Work required ::
Transcribe the data below verbatim from the line with "Silk95five Brown Sirene" to the line with "Vista 2 de Mochila". Include both of those lines.
+++ Supplied information +++
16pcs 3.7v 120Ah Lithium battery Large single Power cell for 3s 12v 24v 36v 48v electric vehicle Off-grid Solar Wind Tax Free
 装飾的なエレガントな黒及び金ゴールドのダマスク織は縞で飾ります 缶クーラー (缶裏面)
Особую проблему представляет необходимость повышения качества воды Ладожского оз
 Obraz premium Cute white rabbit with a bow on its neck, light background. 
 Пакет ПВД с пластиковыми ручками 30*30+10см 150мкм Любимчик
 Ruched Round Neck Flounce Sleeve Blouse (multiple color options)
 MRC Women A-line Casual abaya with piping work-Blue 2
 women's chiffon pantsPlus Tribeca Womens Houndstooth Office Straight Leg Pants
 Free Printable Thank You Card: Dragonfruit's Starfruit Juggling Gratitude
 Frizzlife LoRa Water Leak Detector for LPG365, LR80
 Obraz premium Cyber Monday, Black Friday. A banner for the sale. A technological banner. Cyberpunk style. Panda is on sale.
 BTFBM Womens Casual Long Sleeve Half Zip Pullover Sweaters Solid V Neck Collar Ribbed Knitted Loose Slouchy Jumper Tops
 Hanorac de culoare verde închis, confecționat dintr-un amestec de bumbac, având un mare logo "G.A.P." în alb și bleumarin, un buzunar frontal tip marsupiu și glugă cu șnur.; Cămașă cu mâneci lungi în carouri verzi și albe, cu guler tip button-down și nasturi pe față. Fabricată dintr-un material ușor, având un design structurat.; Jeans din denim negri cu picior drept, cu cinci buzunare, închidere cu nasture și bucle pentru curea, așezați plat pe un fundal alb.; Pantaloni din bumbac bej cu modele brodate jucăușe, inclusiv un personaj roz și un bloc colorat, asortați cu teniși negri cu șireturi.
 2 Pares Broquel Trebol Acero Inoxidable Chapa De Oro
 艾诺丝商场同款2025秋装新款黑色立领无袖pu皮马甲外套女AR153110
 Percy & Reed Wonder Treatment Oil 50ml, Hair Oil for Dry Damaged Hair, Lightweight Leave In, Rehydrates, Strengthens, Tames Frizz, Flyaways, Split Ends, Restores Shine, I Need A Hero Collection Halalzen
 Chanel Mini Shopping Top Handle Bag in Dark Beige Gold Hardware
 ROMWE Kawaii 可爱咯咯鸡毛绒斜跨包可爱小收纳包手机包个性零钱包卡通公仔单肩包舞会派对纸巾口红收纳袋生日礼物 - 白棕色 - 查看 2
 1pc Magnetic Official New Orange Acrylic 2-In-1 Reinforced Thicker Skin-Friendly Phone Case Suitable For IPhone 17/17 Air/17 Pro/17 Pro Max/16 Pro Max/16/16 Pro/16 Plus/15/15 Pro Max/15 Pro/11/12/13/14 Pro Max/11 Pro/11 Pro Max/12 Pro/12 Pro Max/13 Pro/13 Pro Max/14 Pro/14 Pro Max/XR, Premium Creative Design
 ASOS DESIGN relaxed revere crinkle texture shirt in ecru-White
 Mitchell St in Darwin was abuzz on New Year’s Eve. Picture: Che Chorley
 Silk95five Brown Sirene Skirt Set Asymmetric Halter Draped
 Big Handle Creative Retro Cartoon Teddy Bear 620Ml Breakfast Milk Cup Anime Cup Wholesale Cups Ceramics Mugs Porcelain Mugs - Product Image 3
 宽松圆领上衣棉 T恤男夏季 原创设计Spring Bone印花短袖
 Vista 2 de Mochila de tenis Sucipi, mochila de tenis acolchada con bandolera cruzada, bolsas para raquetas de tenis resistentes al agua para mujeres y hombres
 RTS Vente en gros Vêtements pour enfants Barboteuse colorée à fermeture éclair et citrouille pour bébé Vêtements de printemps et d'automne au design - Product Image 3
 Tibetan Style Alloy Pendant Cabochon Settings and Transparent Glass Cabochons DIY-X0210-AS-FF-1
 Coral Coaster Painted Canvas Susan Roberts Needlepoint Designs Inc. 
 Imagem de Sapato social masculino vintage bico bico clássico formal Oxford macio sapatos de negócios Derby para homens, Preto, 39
+++
Answer section ::
 Silk95five Brown Sirene Skirt Set Asymmetric Halter Draped
 Big Handle Creative Retro Cartoon Teddy Bear 620Ml Breakfast Milk Cup Anime Cup Wholesale Cups Ceramics Mugs Porcelain Mugs - Product Image 3
 宽松圆领上衣棉 T恤男夏季 原创设计Spring Bone印花短袖
 Vista 2 de Mochila de tenis Sucipi, mochila de tenis acolchada con bandolera cruzada, bolsas para raquetas de tenis resistentes al agua para mujeres y hombres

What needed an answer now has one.